Esta misma semana lo decía. Los narradores somos infieles por naturaleza, incluso a nosotros mismos. Esta frase podría provocar el sonrojo de cualquier miembro puritano del ejército de salvación o incluso una excomunión colectiva del gremio de los narradores orales (término que ya de por sí suena pornográfico) por parte de la curia vaticana, pero vengan de donde vengan las amenazas, no me desdigo. Lo he comprobado en mis propias carnes, o, mejor dicho, en mis propios textos.

Está claro que escribir y contar historias de viva voz son dos ejercicios diferentes aunque, aparentemente, tengan en común idéntica materia prima, es decir, la palabra. Esto puede inducir a confusión. Si tanto escribir como contar historias se cimentan en lo mismo, parece lógico concluir que comparten estructura y maneras, vamos, que son el mismo perro con distinto rabo.

Sin embargo, no es así. Los códigos que rigen la palabra escrita no se corresponden con los que articulan la oralidad. Mientras la primera sólo se tiene a sí misma para crear el universo de un relato, la segunda se apoya en una serie de elementos denominados suprasegmentales que configuran y matizan el significado de lo narrado: el acento, la melodía, el tono, la entonación, las pausas, el ritmo, la velocidad de elocución, el timbre de la voz, a los que habría que añadir el gesto y el movimiento que, de alguna manera, construyen una escenografía inmaterial, pero perceptible en la que se desarrolla la historia.

Por eso, siempre he defendido que los narradores somos por naturaleza infieles a los textos. De hecho, éstos se convierten en un pretexto para crear algo nuevo, algo que, al margen del papel, habita el cuerpo, la voz, los silencios de la persona que narra y que, a través de la improvisación y gracias al público receptor, se nutre del instante en que es narrado.

Por tanto, ¿qué mayor infidelidad puede existir que el hecho de contar de viva voz tus propios textos escritos?

Resulta sorprendente. Al principio, intentas seguir las mismas coordenadas que dieron lugar al relato impreso (incluso publicado), y crees mantenerte en ellas a pesar del tiempo transcurrido sin revisarlo. Cuando años después agarras lo que habías escrito y lo cotejas con lo que cuentas, la sorpresa es mayúscula. Frente a la fosilización de la escritura, la oralidad se manifiesta como un terreno fértil en el que, de manera inconsciente, han brotado matices, situaciones, comentarios, significados nuevos. Aun siendo el mismo, el cuento se ha tornado otro.

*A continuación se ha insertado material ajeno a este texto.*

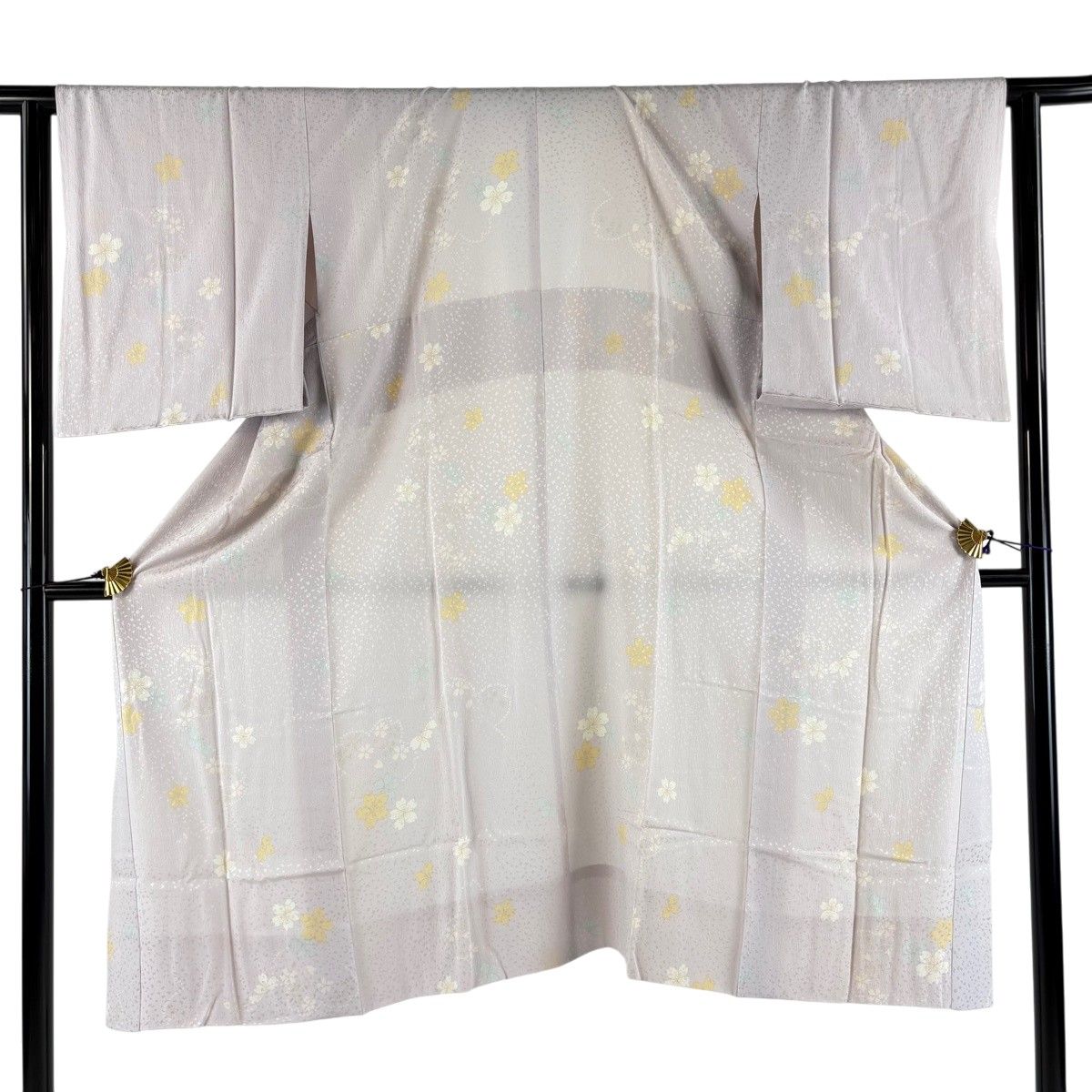 長襦袢 身丈126cm 裄丈63.5cm S 桜 地紋 薄紫 正絹 秀品 【中古】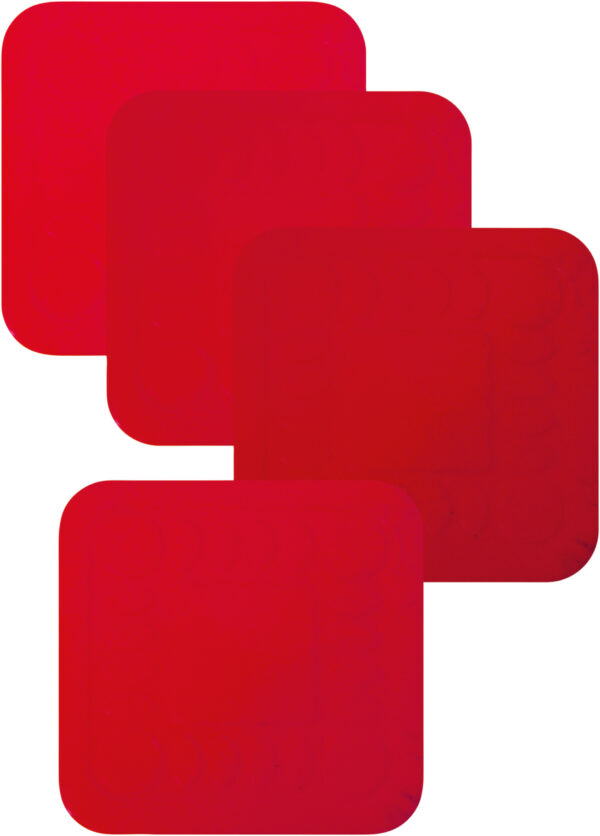 Anti Slip Silicone Red Rubber Square Coaster (Pack of 4) - Image 4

Y no lo siento extraño porque como cuentista he dejado que crezca a la par que yo. Pero ya sólo de lejos tiene que ver con aquello que escribí hace tiempo.

Y ahí, con el corazón dividido como en el mejor de los dramas, es donde surge la paradoja: si bien soy terriblemente infiel a la escritora que llevo dentro, me mantengo fiel, muy fiel a la cuentera.